[Stored data entries]
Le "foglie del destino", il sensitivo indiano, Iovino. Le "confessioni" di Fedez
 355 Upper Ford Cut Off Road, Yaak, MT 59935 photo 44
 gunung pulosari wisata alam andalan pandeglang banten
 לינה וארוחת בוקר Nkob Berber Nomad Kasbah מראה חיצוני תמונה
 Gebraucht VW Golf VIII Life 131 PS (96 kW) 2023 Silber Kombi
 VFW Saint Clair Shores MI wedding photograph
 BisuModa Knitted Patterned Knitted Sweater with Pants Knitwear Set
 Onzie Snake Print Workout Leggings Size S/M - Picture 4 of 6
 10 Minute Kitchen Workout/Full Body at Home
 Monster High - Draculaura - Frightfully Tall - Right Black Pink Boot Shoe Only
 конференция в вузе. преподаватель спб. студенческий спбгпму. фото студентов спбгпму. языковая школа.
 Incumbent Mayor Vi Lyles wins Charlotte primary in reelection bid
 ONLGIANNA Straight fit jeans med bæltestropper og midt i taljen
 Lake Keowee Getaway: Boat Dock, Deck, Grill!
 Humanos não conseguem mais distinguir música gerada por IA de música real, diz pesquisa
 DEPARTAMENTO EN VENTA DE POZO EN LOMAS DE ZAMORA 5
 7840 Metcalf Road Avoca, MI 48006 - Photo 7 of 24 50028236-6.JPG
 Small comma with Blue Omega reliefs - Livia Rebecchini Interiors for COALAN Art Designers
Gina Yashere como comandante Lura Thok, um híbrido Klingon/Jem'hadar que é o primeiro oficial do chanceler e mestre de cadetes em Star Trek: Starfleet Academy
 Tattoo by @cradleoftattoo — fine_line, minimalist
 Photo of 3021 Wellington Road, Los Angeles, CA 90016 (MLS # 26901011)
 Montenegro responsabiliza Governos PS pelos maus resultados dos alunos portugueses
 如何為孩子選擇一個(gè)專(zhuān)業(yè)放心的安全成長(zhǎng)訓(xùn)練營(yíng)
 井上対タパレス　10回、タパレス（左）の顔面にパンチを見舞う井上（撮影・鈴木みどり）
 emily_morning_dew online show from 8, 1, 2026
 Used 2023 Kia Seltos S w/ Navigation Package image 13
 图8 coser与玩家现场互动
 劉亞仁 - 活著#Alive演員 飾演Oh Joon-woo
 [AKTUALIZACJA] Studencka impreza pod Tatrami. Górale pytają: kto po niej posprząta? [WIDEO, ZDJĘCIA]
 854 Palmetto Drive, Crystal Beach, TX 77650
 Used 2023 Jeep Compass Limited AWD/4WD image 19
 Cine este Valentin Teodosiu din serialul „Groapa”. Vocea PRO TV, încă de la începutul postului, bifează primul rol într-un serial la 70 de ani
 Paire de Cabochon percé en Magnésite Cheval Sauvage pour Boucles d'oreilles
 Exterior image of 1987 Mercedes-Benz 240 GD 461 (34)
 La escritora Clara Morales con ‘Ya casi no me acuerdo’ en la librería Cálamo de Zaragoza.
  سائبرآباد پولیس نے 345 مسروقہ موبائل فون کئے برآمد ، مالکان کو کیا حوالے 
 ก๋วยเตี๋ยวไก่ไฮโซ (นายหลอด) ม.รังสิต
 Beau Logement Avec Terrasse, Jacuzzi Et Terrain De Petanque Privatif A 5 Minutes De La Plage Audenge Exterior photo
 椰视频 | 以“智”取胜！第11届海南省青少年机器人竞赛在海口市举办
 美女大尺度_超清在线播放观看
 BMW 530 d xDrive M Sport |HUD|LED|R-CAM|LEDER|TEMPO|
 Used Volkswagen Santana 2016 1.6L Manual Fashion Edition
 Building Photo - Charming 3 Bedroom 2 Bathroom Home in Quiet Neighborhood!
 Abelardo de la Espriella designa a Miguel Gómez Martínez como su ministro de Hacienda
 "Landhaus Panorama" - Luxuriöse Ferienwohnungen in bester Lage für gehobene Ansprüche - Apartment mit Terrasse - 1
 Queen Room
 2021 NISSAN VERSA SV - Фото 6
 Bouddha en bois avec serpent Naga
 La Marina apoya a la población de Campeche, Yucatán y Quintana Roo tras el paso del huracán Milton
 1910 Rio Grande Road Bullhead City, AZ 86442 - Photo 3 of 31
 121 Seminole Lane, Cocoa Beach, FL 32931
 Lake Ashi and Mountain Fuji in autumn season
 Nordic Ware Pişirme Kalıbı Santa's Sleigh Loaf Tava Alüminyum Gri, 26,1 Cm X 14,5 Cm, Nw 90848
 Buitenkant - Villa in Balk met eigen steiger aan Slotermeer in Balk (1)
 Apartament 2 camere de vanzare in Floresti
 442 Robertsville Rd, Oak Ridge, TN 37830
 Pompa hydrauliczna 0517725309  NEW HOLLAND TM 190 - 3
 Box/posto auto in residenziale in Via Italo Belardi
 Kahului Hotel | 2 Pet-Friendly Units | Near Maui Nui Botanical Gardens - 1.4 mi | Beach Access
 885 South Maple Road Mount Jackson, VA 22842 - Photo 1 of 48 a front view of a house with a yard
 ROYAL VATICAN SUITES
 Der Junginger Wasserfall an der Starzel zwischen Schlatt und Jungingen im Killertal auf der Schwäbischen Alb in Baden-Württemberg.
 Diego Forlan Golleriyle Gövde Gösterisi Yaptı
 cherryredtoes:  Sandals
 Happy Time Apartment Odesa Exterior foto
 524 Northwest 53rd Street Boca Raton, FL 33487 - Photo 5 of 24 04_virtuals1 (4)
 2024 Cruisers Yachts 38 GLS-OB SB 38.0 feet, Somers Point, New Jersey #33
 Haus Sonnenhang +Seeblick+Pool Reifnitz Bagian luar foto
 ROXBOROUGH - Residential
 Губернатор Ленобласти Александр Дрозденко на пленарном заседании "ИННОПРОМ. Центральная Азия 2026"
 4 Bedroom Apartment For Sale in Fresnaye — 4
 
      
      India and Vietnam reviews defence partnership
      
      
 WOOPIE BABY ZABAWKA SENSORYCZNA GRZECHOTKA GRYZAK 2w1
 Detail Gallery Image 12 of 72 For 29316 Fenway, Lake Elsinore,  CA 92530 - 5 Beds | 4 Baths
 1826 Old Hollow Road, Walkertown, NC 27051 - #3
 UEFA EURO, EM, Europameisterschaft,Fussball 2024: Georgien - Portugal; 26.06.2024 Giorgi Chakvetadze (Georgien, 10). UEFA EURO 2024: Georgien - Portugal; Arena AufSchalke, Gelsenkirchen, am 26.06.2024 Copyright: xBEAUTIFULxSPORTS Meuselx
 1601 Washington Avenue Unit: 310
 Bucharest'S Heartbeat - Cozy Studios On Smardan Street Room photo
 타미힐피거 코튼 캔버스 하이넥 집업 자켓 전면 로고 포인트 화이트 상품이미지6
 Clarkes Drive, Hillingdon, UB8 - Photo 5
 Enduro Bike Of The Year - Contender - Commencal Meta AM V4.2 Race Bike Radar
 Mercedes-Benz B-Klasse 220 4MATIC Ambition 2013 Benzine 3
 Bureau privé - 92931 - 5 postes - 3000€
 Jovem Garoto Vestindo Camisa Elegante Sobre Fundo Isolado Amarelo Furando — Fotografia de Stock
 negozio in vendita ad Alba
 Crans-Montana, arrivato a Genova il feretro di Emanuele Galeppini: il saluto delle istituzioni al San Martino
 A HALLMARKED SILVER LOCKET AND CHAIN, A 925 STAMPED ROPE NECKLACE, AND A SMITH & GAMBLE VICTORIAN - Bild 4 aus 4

__Exercise__. Given the records above, return exactly the lines starting at the line containing "سائبرآباد پولیس نے" and ending at the line containing "Used Volkswagen Santana", including both.

__Solution__.
  سائبرآباد پولیس نے 345 مسروقہ موبائل فون کئے برآمد ، مالکان کو کیا حوالے 
 ก๋วยเตี๋ยวไก่ไฮโซ (นายหลอด) ม.รังสิต
 Beau Logement Avec Terrasse, Jacuzzi Et Terrain De Petanque Privatif A 5 Minutes De La Plage Audenge Exterior photo
 椰视频 | 以“智”取胜！第11届海南省青少年机器人竞赛在海口市举办
 美女大尺度_超清在线播放观看
 BMW 530 d xDrive M Sport |HUD|LED|R-CAM|LEDER|TEMPO|
 Used Volkswagen Santana 2016 1.6L Manual Fashion Edition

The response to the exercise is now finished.